WORK REQUEST » Go through the listing below and repeat it exactly, dropping the pictures.

INPUT DATA »
# # # # #

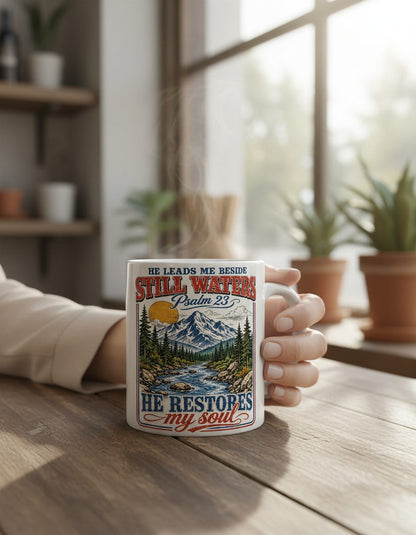 He Leads Me Beside Still Waters Psalm 23 He Restores My Soul White Mug - lifestyle model mockup - White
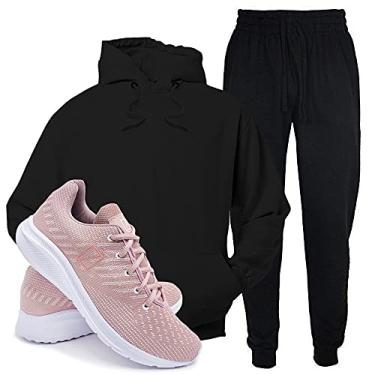 Imagem de Conjunto Blusa e Calça Moletom + Tenis Academia Casual Conforto - Preto/Rosa - GG/35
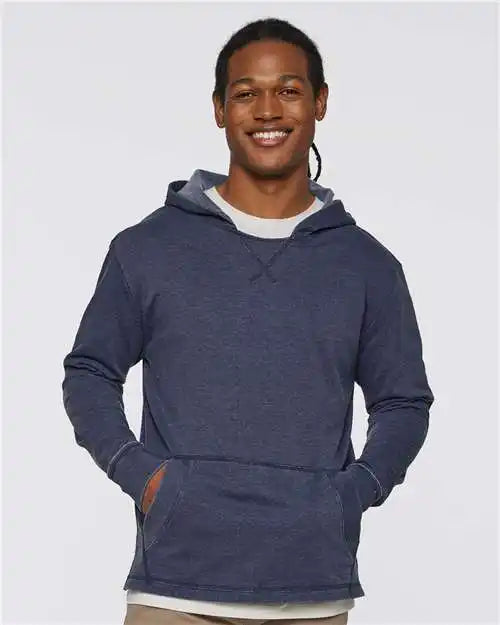 Lat 6936 Vintage Wash Fleece Hoodie - Washed Navy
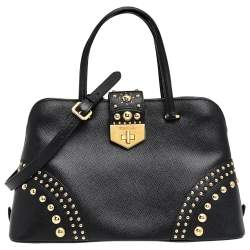 Pre Owned Prada Black Leather Promenade Studded Satchel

# # # # #

COMPLETED EXERCISE »
 He Leads Me Beside Still Waters Psalm 23 He Restores My Soul White Mug - lifestyle model mockup - White
 Imagem de Conjunto Blusa e Calça Moletom + Tenis Academia Casual Conforto - Preto/Rosa - GG/35
 Lat 6936 Vintage Wash Fleece Hoodie - Washed Navy
 Pre Owned Prada Black Leather Promenade Studded Satchel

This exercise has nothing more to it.